きれいはいまもゆれている
谷本 奈穂・飯塚 理恵編著
大木 龍之介
『きれいはいまもゆれている』――このタイトルは多義的だ。「きれい」とされるものは、社会や文化とともに変容する。「きれい」に対する〈わたしたち〉の態度や関係も、常に同じではない。この移り変わる「きれい」と〈わたしたち〉――それが誰を指す/さないかも含めて――を捉える視点さえ、様々な対話を通じて変化する。だから「きれい」は、いまもずっと、ゆれている。本書はこうした複数の「ゆれ」を見事に照射し、〈わたしたち〉が美を考えるための、十の視点を提供してくれる。
第一章で永山理穂は、「きれい」をめぐる多層的な視点の重要性を説く。そのために、美を論じるフェミニズムが依拠してきた「抑圧/主体性」の二元論に、新自由主義、インターセクショナリティ、感情(情動)という概念を導入する。本章は編者の谷本が蓄積してきた、美を考える従来の枠組みを乗り越える仕事を継承し、その射程を拡げる力作だ。
一方で亀岡菜穂子は、あまりに「ゆれ」すぎている「ルッキズム」という語を整理する。英語圏と異なる用法を含む日本独自の「ルッキズム」概念を、序列化説、不当感説、実践説、規範説というフレームで捉え直し、論者や文脈に応じてゆれる「ルッキズム」の意味と問題点を見定める試みが、熱量の高い筆致によって、説得力のある形で達成される。
飯塚理恵は、美容実践を医療化しないことが切り開く、美と〈わたしたち〉との新たな関係に希望を寄せる。現実にはしかし、特にアンチエイジングが、実践的治療概念だけでなく、哲学的治療概念さえも用いて「治療」として正当化=歪曲化され、エンハンスメントとしての美容実践の可能性が閉ざされつつある。このような現状と未来に、飯塚は警鐘を鳴らす。

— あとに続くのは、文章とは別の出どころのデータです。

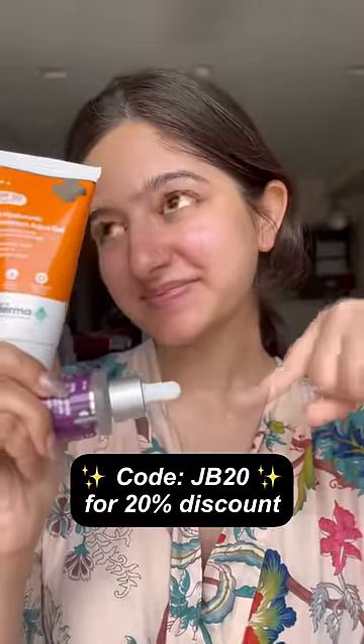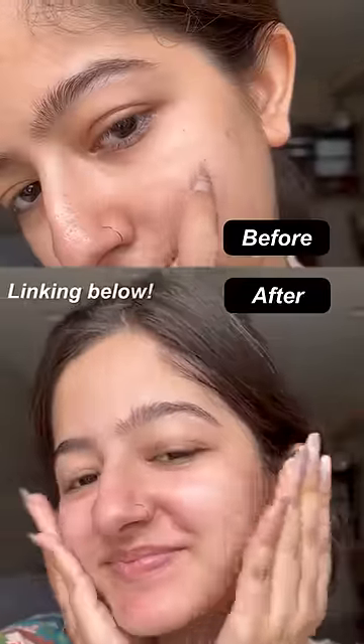If you want to try your hands on this, make sure to use my code and enjoy a 20% discount on their website. Bye!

続く永山は、美容職従事者を「美の規範の手先/劣悪な労働環境の犠牲者」と見なす従来の枠組みを批判し、美容職の女性が自らの美容実践と顧客に対する美容提供に抱く感情に光を当てる。自らが体現し提供する美をエンパワリングなものと考えつつ、消費資本主義に対する葛藤も抱くという、美容職従事者のゆれ動く「中間の地平」を掬い上げることで、永山は美を論じるフェミニズムに不可欠な視座を、新たに導入する。
第五章では、日本の美容整形研究の牽引者・谷本菜穂が、男性――この二元論的カテゴリの問題を意識しつつ――の美容整形を論じる。まず谷本は、男性の美容整形に潜む「教える側=女性」の視線や、様々な他者(同性、異性、流行、社会的立場)の影響を明るみに出す。その上で、「新しく見える」男性の美容整形増加の背景に残る、「男らしさ」への希求を鋭く見抜く。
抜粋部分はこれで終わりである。